A nominee for the Nobel Prize in Literature and a 1993 recipient of the Human Rights Watch Organization’s Hellman-Hammett Grant (awarded to writers in exile whose works are banned in their own homelands), Nader Naderpour was born on June 6, 1929, in Tehran, Iran. The oldest of two brothers and three sisters, Naderpour had artistically inclined and culturally rich parents. His father, who died when Nader was only fourteen, was a skillful painter and a literary man. He taught young Nader Persian literature, especially classic poetry. By the age of thirteen Naderpour had read the great classical Persian poems, and journals of the time published his classical-style poetry. His mother was an accomplished player of the tar (an Iranian string instrument), and she helped Nader develop an appreciation for music.
Nader's primary education in Tehran included art appreciation, music, and French, and he entered Iranshahr High School in 1942. A year later, in the aftermath of the Allied occupation of Iran, Naderpour, like many other high school students of the time, became involved in politics. He participated in a small nationalist party group. Later, he joined the Tudeh Youth Organization, part of the Tudeh Party of Iran, which became Iran’s major Communist party. By the time Naderpour was graduated from high school in 1948, he had already left the Tudeh Party.
The young Naderpour was despondent over the 1946 Azerbaijan crisis. Like many other nationalist intellectuals, he was convinced that Soviet Communism did not make provisions for independent nationalist communist movements in other countries. Subsequently, Naderpour supported efforts to ensure that Iran’s sixteenth parliamentary elections would be open and fair; he was sympathetic to Mohammad Mosadegh and other nationalist victors in those elections.
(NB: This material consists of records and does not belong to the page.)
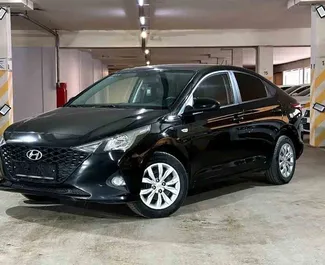 Sprednji pogled najetega avtomobila Hyundai Accent v v Bakuju, Azerbajdžan ✓ Avtomobil #9090. ✓ Menjalnik Samodejno TM ✓ Mnenja 0.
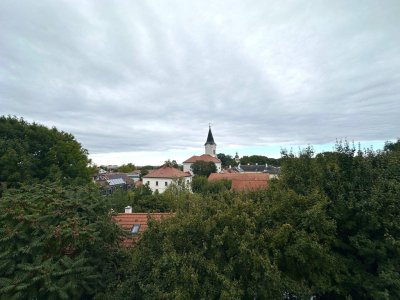 GROßZÜGIGE 4-ZIMMER-WOHNUNG MIT TRAUMHAFTEM AUSBLICK IN RUHIGER LAGE!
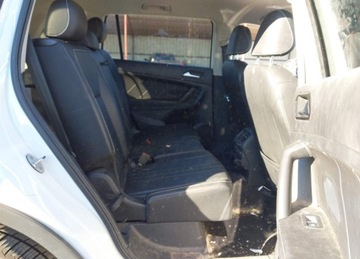 Volkswagen Tiguan II 2022 Volkswagen Tiguan 2022r., 2.0t Se, 2L, od ubezpieczalni 2.0 Benzyna 187KM, zdjęcie 7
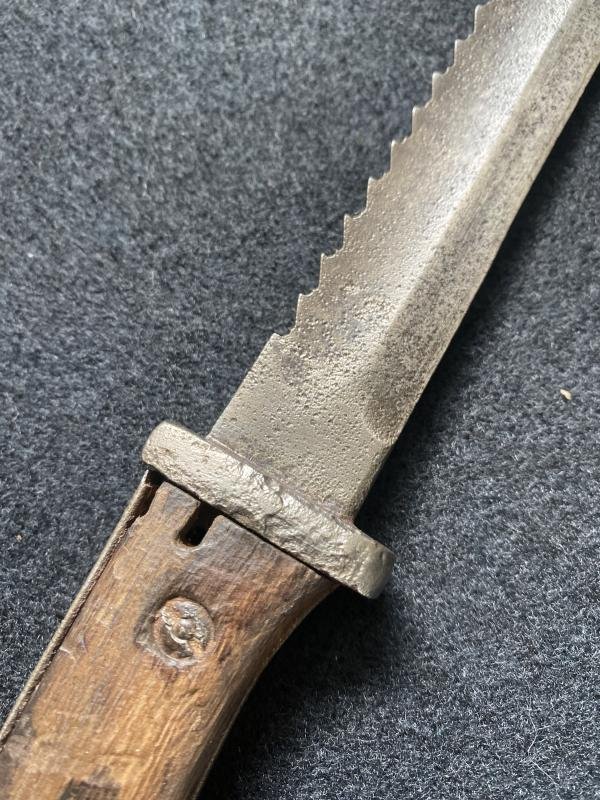 WW1 GERMAN SG 1884/98 SAWBACK BAYONET — image 2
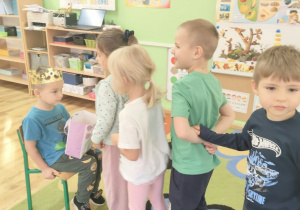 Dzieci składają życzenia jubilatowi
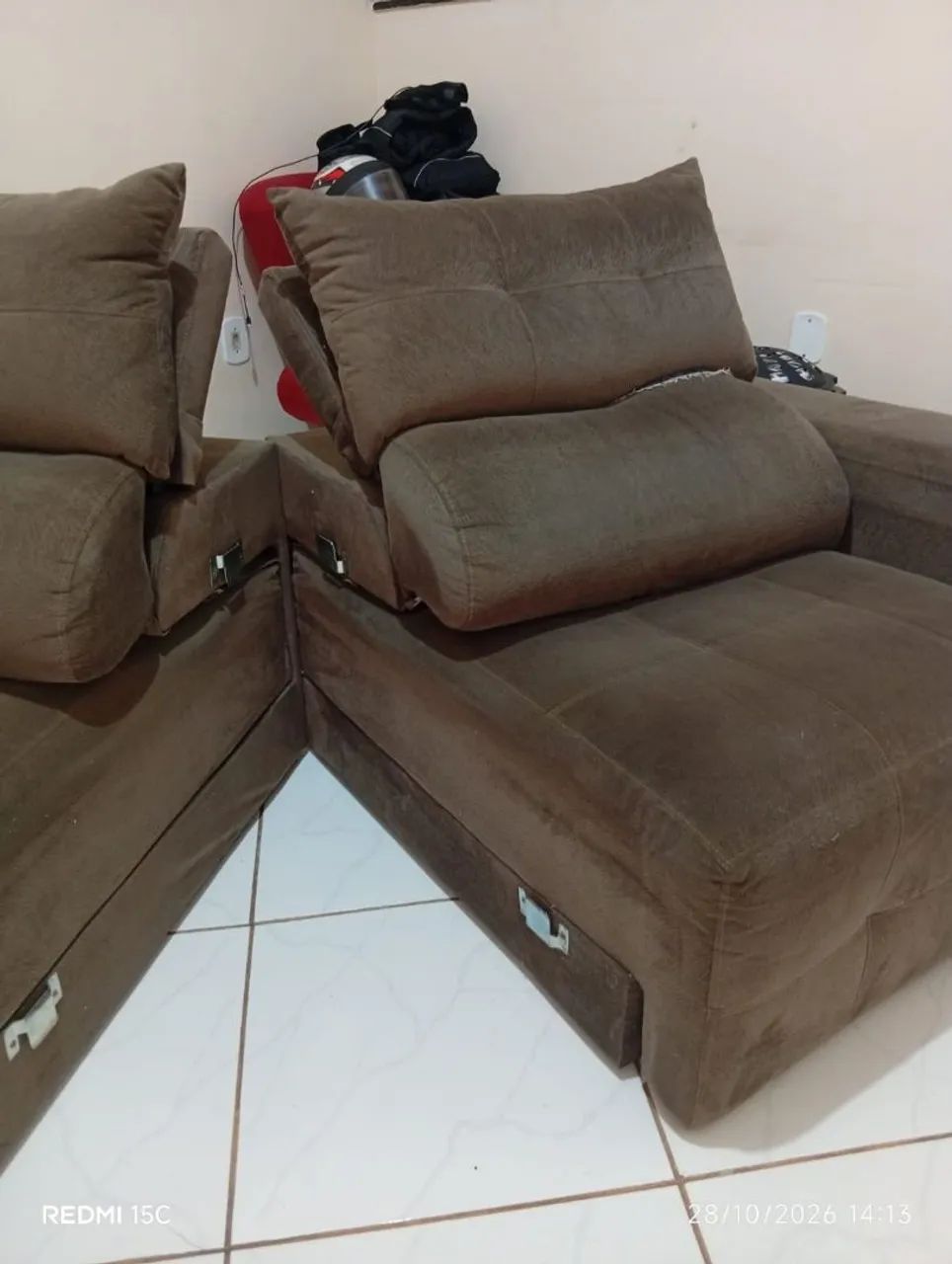 Sofa retrátil marrom 2 lugares - Foto 4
In 1950 Naderpour attended the Sorbonne University, where he studied French literature. While in Paris, he became a freelance writer for various publications. He also wrote for the Third Force Party, which Kkalil Maleki had established within the umbrella of the National Front Organization in Iran. After receiving his baccalaureate degree, Naderpour returned to Tehran and started working in the private sector.
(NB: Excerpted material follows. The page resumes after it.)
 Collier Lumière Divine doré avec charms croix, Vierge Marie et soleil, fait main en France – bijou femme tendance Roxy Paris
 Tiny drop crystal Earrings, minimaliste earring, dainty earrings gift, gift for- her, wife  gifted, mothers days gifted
In 1954 Naderpour published his first volume of poems, Eyes and Hands (“Chashmha va Sasthayash”), which by the late 1970s enjoyed more than five printings. One year later Naderpour’s second collection of poems was published, Daughter of the Cup (“Dokhtare Jame”), which by the late 1970s enjoyed through three subsequent printings. And in 1958 his third collection of poems, The Grape Poem (“Shere Angour”), was published by Sokhan, whose editor, Dr. Natel Khanlari, commented: “The poems appearing in this collection are some of the very best poems in the modernist school.”
In 1960 Collyrium of the Sun (“Sormahe Khorshid”), Naderpour’s fourth collection of poems, was published, which included several poems that allude to Naderpour’s first marriage (in 1957 to Shahla Hirbod, whom he had met the year before). In August 1959 he composed a beautiful poem called “Iris,” which he dedicated to their only daughter, “Poupak,” who was born that month. Naderpour and Shahla were separated in 1961.
Also in 1960 Naderpour arranged the first modernist Persian poetry reading in Tehran, held at the Iran-America Society. Later, he worked as a consultant at the Office of Dramatic Arts of the Ministry of Arts and Culture. He was named editor of Namayesh magazine, and he worked on one issue of another magazine, Naghsh va Nehag.
In 1964 Naderpour traveled to Europe. In Rome and in Perugia he continued his studies of the Italian language and Italian literature. He also spent time in Paris, studying French literature and French cinema, and devoting time to his own poetry.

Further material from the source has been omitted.